Gilbride kept his job, but Adams decided that Moon (who was 37) was a choker and needed to go. Pardee wasn’t in a position to refuse– and he would up with Cody Carlson as his starter, Bucky Richardson as his backup with Billy Joe Tolliver in the mix.
An offensive scheme built around the quarterback fails miserably if you don’t have a quarterback. The Oilers started 1-9, and Adams whacked Pardee, promoting Fisher. Fisher, showing his keen offensive mind, decided to keep Tolliver at quarterback for the first five games (all of which they lost), before trying Richardson in the final game (which they won).
Pardee was 58, and he might have had another chance if he had been content to wait for an offer. But he decided to get back into the saddle immediately, signing a deal to coach the Birmingham Barracudas of the Canadian Football League.
The Birmingham was in Alabama, because they CFL had decided to try to expand its audience by adding expansion teams in the US. They added teams in Baltimore, San Antonio, Memphis and Shreveport.

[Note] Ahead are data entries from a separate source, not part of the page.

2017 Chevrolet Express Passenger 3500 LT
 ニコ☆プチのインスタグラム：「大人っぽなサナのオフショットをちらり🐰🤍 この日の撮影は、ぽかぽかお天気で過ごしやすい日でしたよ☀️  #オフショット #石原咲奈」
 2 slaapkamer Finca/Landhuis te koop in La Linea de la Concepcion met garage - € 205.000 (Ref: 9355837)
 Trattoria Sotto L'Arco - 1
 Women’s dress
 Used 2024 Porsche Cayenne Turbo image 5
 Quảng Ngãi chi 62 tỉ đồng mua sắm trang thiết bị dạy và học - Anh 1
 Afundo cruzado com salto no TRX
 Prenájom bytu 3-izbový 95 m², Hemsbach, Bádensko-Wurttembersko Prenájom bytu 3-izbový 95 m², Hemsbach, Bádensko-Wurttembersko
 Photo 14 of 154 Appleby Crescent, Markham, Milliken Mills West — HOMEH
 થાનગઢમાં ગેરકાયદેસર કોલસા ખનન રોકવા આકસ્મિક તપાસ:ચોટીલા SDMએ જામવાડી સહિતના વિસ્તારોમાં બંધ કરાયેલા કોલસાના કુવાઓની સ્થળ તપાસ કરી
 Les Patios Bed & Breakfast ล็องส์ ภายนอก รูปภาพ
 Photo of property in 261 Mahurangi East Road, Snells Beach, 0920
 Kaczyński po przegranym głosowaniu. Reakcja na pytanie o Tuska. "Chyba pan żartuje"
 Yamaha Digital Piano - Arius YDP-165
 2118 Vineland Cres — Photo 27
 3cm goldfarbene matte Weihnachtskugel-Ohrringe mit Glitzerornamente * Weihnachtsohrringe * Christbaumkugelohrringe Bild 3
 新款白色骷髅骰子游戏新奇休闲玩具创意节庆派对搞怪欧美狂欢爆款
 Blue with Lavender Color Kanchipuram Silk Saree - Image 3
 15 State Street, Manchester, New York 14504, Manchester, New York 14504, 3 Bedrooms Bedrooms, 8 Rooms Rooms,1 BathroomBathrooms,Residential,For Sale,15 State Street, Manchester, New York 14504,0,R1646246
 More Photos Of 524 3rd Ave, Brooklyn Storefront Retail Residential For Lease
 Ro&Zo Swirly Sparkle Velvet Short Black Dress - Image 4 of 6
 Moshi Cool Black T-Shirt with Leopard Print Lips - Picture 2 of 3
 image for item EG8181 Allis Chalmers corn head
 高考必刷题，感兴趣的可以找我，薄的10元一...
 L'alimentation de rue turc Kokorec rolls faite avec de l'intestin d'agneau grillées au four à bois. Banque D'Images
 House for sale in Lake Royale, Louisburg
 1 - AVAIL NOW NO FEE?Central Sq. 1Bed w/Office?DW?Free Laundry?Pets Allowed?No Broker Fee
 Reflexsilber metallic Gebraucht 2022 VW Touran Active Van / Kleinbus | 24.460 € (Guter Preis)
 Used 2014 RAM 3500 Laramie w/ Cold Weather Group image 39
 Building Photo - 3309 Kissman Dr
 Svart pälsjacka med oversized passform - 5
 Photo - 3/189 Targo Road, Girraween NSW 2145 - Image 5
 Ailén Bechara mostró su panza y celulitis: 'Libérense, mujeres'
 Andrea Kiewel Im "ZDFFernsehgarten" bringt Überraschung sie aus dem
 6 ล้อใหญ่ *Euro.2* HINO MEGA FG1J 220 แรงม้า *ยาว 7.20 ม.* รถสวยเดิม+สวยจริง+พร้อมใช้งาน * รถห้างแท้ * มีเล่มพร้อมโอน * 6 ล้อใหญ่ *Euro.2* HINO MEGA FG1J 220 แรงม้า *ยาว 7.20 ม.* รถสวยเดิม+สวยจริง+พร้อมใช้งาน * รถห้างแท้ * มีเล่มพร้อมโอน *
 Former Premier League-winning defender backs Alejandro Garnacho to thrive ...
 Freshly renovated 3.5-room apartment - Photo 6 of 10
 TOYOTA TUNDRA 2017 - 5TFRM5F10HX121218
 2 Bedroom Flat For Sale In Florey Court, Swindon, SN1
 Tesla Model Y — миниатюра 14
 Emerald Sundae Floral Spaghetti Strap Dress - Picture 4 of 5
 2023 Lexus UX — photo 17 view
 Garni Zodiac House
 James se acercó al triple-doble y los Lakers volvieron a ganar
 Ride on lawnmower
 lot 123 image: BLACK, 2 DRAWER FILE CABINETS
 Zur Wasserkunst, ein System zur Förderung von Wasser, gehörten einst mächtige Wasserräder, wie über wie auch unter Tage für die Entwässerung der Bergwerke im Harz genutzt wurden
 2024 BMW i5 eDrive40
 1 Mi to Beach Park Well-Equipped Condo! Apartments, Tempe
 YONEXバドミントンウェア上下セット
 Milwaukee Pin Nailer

You can guess how well that worked out. The Barracudas went 10-8 and made the playoffs. But they lost 52-9, the expansion effort folded and Pardee now had too much strangeness on his resume to make him a prime NFL candidate.
The bottom line on Pardee is that he coached in five league and won in all of them. And of the seven teams he coached, his worst record was 20-22:
- 14-6 in the WFL
- 87-77 in the NFL (20-22 with Chicago, 24-24 in Washington, 43-31 with Houston)
- 23-15 in the USFL
- 22-11-1 in the NCAA
- 10-8 in the CFL
And that sub-.500 record in Chicago (by one game) looks good. He took over a team that had gone 4-9-1, then 3-11 and 4-10. He went 4-10 in his first year, 7-7 in his second and then 9-5 in his third, before leaving for Washington. It was dull as all get out, and he ran Walter Payton within an inch of his life. But he was winning– and had he had any help from the GM, he might have won more.
Nobody remembers Pardee, so I’m glad that the Browns’ decision to hire Gregg Williams gave me a chance to immortalize him. It’s one of the reasons I write this thing.